Pursuant to the A&R MLTIP, certain equity holders of FoA and FoA Equity are obligated to deliver a number of shares of Class A Common Stock and Class A LLC Units for restricted stock unit awards granted by the Company. During the Successor year ended December 31, 2022 and nine months ended December 31, 2021, in connection with FoA’s settlement of restricted stock units into shares of Class A Common Stock and pursuant to the A&R MLTIP, these equity holders delivered 1,373,080 and 3,391,635 shares, respectively, of Class A Common Stock and 3,749,057 and 829,222 Class A LLC Units, respectively, to the Company in satisfaction of such settlement. No settlement of restricted stock awards occurred during the Predecessor three months ended March 31, 2021 or for the year ended December 31, 2020. This delivery of shares of Class A Common Stock and Class A LLC Units to the Company offset the gross award of RSUs settled. During the Successor year ended December 31, 2022 and nine months ended December 31, 2021, the Company elected to retire 2,046,062 and 1,788,447 shares, respectively, offsetting RSUs withheld to fund employee payroll taxes and instead funded those taxes with operating cash. No shares were retired for this purpose during the Predecessor three months ended March 31, 2021 or year ended December 31, 2020. The future settlement of the Replacement RSUs and Earnout Rights outstanding as of December 31, 2022 (see Note 26 - Equity-Based Compensation) will also be funded by the delivery of Class A Common Stock and Class A LLC Units from certain equity holders of FoA and FoA Equity pursuant to the A&R MLTIP.

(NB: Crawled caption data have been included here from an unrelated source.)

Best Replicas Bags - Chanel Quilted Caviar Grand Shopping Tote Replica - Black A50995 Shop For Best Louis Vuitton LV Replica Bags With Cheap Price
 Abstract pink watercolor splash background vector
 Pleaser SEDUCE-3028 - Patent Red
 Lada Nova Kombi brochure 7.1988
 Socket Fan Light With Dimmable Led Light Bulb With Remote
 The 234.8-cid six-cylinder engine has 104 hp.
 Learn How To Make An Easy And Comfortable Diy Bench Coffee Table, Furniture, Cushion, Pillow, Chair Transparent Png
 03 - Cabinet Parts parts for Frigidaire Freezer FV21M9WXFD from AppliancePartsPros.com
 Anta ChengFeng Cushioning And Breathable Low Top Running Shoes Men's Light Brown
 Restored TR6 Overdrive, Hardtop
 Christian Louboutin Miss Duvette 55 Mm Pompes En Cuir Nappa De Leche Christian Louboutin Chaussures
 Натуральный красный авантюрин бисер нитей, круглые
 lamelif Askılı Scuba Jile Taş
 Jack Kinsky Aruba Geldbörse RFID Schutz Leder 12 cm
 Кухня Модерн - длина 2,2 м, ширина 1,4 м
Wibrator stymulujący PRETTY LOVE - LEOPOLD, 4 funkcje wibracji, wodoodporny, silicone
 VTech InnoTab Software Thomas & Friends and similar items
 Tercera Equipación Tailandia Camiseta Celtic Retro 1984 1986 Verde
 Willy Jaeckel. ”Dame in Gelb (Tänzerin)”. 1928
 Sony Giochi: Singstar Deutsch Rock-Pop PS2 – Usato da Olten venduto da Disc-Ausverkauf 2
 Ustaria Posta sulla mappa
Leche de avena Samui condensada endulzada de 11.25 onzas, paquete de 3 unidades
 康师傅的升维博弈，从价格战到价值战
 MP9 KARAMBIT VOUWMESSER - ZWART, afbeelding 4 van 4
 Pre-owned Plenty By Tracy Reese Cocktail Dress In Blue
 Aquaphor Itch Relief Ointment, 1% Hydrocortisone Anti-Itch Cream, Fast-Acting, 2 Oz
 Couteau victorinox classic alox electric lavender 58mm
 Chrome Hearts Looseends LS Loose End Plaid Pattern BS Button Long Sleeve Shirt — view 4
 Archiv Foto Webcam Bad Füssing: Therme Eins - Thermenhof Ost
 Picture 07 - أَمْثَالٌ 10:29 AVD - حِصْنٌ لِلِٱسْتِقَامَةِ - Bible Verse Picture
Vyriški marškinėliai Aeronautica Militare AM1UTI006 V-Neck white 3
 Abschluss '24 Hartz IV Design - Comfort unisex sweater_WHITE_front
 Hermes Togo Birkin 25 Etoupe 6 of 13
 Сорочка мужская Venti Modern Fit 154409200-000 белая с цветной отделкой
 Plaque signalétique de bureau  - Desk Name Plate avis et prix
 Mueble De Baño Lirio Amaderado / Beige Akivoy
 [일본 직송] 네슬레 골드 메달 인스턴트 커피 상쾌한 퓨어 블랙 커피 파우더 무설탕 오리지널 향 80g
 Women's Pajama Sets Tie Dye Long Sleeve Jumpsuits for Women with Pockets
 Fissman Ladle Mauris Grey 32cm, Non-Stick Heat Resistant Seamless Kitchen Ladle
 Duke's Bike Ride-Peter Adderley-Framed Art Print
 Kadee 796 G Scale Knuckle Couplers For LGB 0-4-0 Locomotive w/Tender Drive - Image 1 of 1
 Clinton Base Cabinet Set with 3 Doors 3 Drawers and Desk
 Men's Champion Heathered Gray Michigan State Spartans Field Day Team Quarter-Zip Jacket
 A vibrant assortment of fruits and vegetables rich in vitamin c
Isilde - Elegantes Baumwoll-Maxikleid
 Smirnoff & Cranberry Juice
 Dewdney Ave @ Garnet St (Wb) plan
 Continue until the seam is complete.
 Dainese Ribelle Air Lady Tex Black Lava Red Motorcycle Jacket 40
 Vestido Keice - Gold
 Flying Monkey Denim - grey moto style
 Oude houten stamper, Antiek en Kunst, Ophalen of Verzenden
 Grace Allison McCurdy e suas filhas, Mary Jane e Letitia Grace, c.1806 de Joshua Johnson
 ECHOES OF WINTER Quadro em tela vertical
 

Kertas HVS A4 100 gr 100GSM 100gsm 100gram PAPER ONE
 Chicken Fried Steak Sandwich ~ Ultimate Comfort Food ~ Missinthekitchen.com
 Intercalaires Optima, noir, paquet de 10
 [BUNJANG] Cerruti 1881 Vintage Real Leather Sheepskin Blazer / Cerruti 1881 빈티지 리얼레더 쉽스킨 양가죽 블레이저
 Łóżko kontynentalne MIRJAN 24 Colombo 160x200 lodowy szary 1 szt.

Pursuant to the Exchange Agreement, the Continuing Unitholders may elect to exchange their Class A LLC Units for shares of Class A Common Stock on a one-for-one basis, subject to customary conversion rate adjustments for
stock splits, stock dividends and reclassifications. During the Successor year ended December 31, 2022 and nine months ended December 31, 2021, in connection with FoA’s settlement of the exchange of Class A LLC Units for shares of Class A Common Stock and pursuant to the Exchange Agreement, certain equity holders delivered 491,509 and 1,795,197 Class A LLC Units, respectively, to the Company in exchange for the same number of shares of Class A Common Stock, respectively, in satisfaction of such settlement. There were no exchanges of Class A LLC Units for shares of Class A Common Stock during the Predecessor three months ended March 31, 2021 or year ended December 31, 2020.
Class B Common Stock
As of December 31, 2022, there are 14 shares of Class B Common Stock outstanding, all holders of which are Class A LLC Unit holders. The Class B Common Stock, par value $0.0001 per share, has no economic rights but entitles each holder of at least one such share (regardless of the number of shares so held) to a number of votes that is equal to the aggregate number of Class A LLC Units held by such holder on all matters on which Class A common stock holders are entitled to vote. In December 2022, The Mortgage Opportunity Group, LLC transferred its one share of Class B Common Stock to Libman Family Holdings, LLC, which was subsequently retired.
Class A LLC Units
In connection with the Business Combination, the Company, FoA Equity, and the Continuing Unitholders entered into an Exchange Agreement. The Exchange Agreement sets forth the terms and conditions upon which holders of Class A LLC Units may exchange their Class A LLC Units for shares of Class A Common Stock on a one-for-one basis, subject to customary conversion rate adjustments for stock splits, stock dividends, and reclassifications. The Continuing Unitholders' ownership of Class A LLC Units represents the noncontrolling interest of the Company, which is accounted for as permanent equity in the Consolidated Statements of Financial Condition. As of December 31, 2022, there were 187,876,657 Class A LLC Units outstanding. Of the 187,876,657 Class A LLC Units outstanding, 63,423,356 are held by the Class A Common Stock shareholders and 124,453,301 are held by the noncontrolling interest of the Company.